━━ Records for this task
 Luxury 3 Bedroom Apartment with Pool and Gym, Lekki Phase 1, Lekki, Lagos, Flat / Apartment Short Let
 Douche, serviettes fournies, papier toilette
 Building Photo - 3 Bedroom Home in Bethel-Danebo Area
━━━━
━━ Records for this task
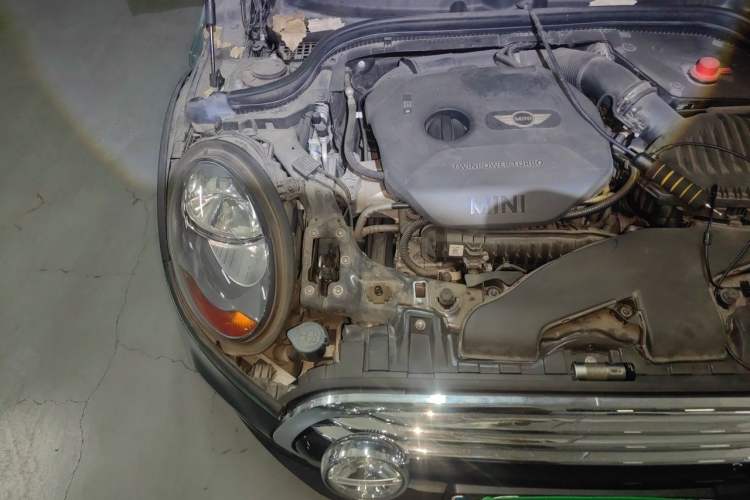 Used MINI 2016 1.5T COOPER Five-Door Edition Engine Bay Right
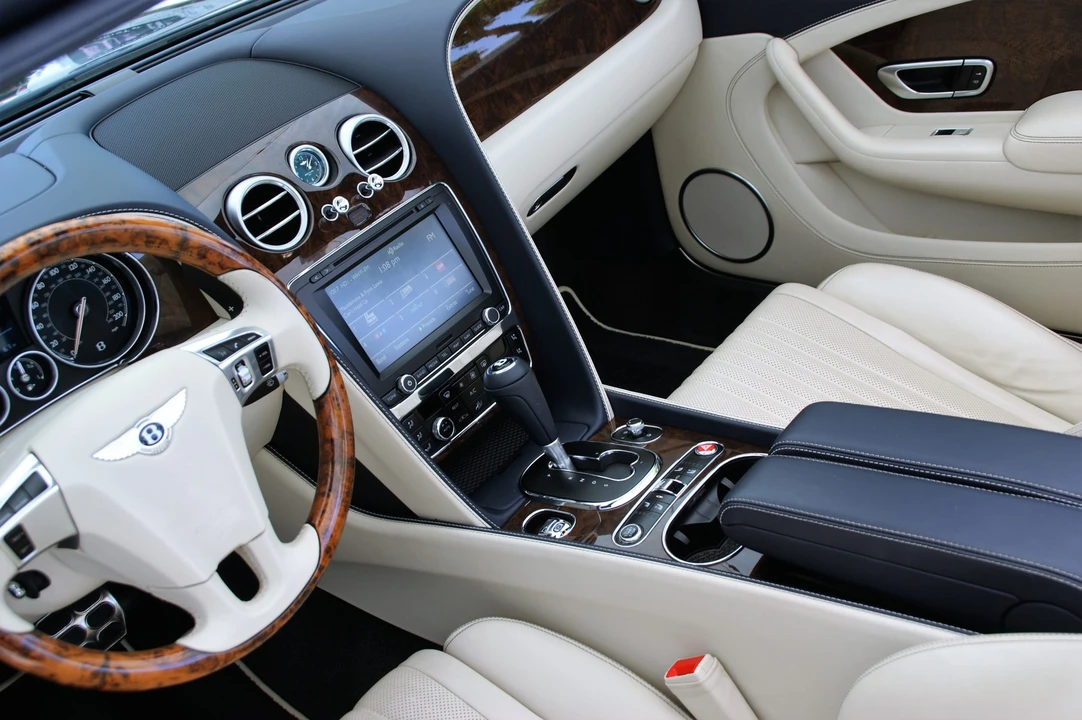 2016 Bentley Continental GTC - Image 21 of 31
━━━━
━━ Records for this task
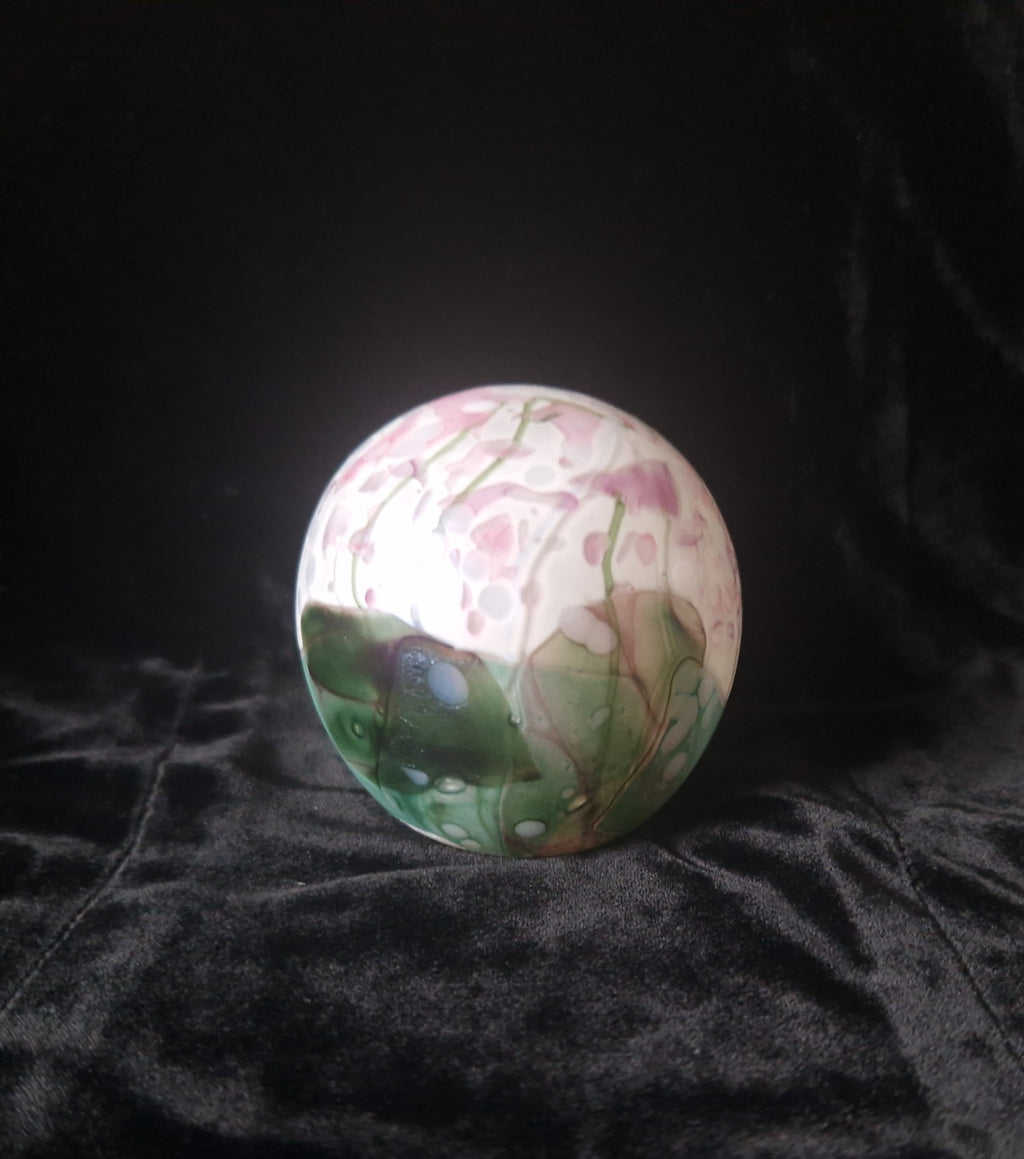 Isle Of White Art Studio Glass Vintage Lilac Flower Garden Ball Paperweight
━━━━
■ **What is required**
Starting with the line with "Luxury 3 Bedroom" above and going on through the line with "Building Photo - 3", transcribe every line exactly, both ends included, and add nothing.

■ **Finished exercise**
 Luxury 3 Bedroom Apartment with Pool and Gym, Lekki Phase 1, Lekki, Lagos, Flat / Apartment Short Let
 Douche, serviettes fournies, papier toilette
 Building Photo - 3 Bedroom Home in Bethel-Danebo Area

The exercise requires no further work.